Hey thanks for sharing this! I'm listening now and enjoying it a lot. This kind of sounds purely electronic to me, so what do you mean by ensemble? Is it an ensemble of electronic instruments? 

The piece itself is quite fast paced, a lot of sustained and echoey sounds that sift in and out of the texture moving between the foreground and background. I like your attention to textural layering there. 

I think there are some aspects to your use of definite pitch which isn't exactly to my taste, but I do like how you have made that aspect of the piece more background material rather than the piece being driven by melody and harmony in that traditional sense.
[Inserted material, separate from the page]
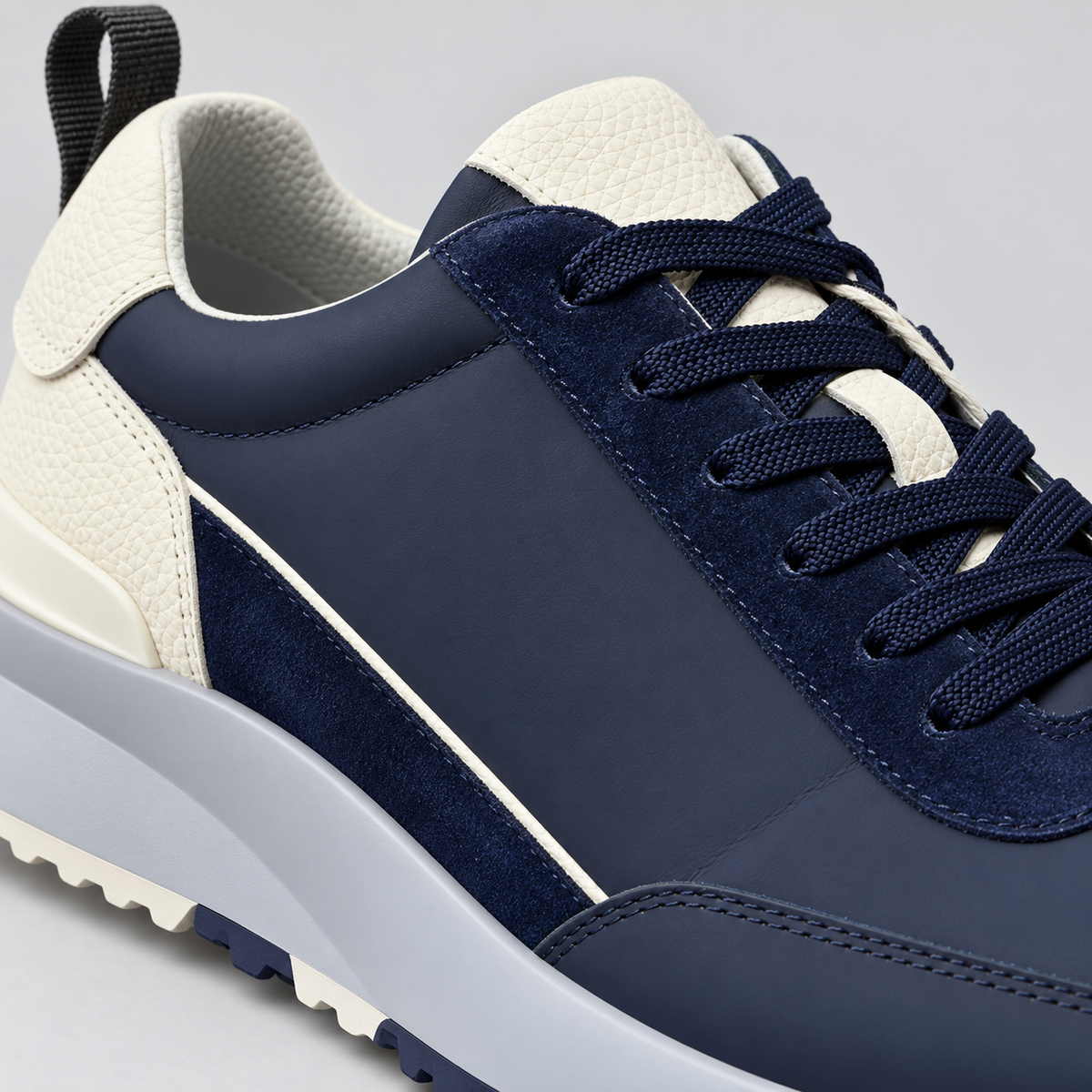 Brunello Cucinelli navy and cream suede runner trainers suede detail view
This sounds really well made; have you composed many other pieces like it?


----------



## Zeus (Jan 6, 2018)

composer jess said:


> Hey thanks for sharing this! I'm listening now and enjoying it a lot. This kind of sounds purely electronic to me, so what do you mean by ensemble? Is it an ensemble of electronic instruments?
> 
> The piece itself is quite fast paced, a lot of sustained and echoey sounds that sift in and out of the texture moving between the foreground and background. I like your attention to textural layering there.
> 
> ...


I posted two videos on my post; the ensemble one refers to the second one. The first one is purely electronics, of course.
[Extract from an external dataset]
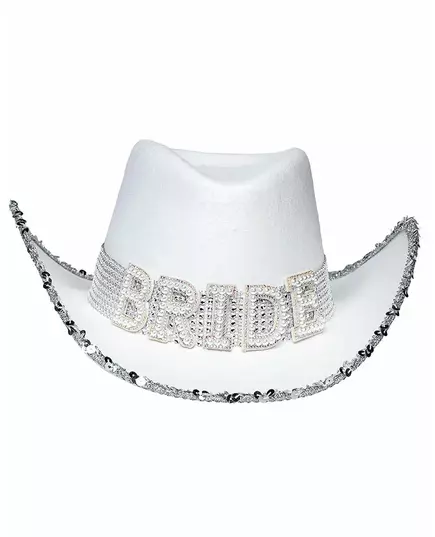 Kovbojský klobouk Bride s kamínky pro dospělé, image 2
In regards to texture and definite pitch, well, my work approach to this piece was binary: there's a fragment of music (traditional, diatonic) which I composed before the work, which consists of a lutheran chorale (ABA). At the beginning of the work (minute 1 or so) the A part is heard in the bells, and after another chorale, the B part is heard on a celesta, though much much dimmer, and blurred. I like to dirty the diatonic fragments, maybe add a small copy of them a minor 16th over (minor 2th), or for example major 21th downwards (major 7th). I also apply distortions, retrogradations, inversions and other stuff by electronical means, and then (2nd approach) I achieve the more clearly electronic effects/sounds/drones by taking clusters or stuff like that, and applying modifications.
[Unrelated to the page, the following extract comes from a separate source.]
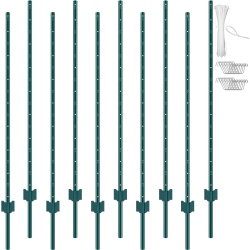 VEVOR 5 Feet Fence Post, 10 Pack U-Channel Heavy Duty Metal Fence Posts, Sturdy Steel Fence Stakes for Garden Yard, Lawn, Farms And Outdoor Wire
In my channel, there's another 2 works composed like this, they're called "v Pamyat o Tabor Frikic", and "on the subject of
misery". I also have a "kyrie" for electronics, which was my first electronic work.


----------



## Lilijana (Dec 17, 2019)

Ah right, I see. Keep up the good work then!


----------



## adrien (Sep 12, 2016)

I enjoyed this - I especially like that it's not just atmospherics / textural the whole way through but has some distinct melodies in there as well. Could totally see this being used in a film soundtrack. Not sure if that's what you were aiming for though


----------



## Zeus (Jan 6, 2018)

adrien said:


> I enjoyed this - I especially like that it's not just atmospherics / textural the whole way through but has some distinct melodies in there as well. Could totally see this being used in a film soundtrack. Not sure if that's what you were aiming for though


Thanks! Well I didn't aim for it to be a film soundtrack, but I wouldn't mind it being used for a film, of course.


----------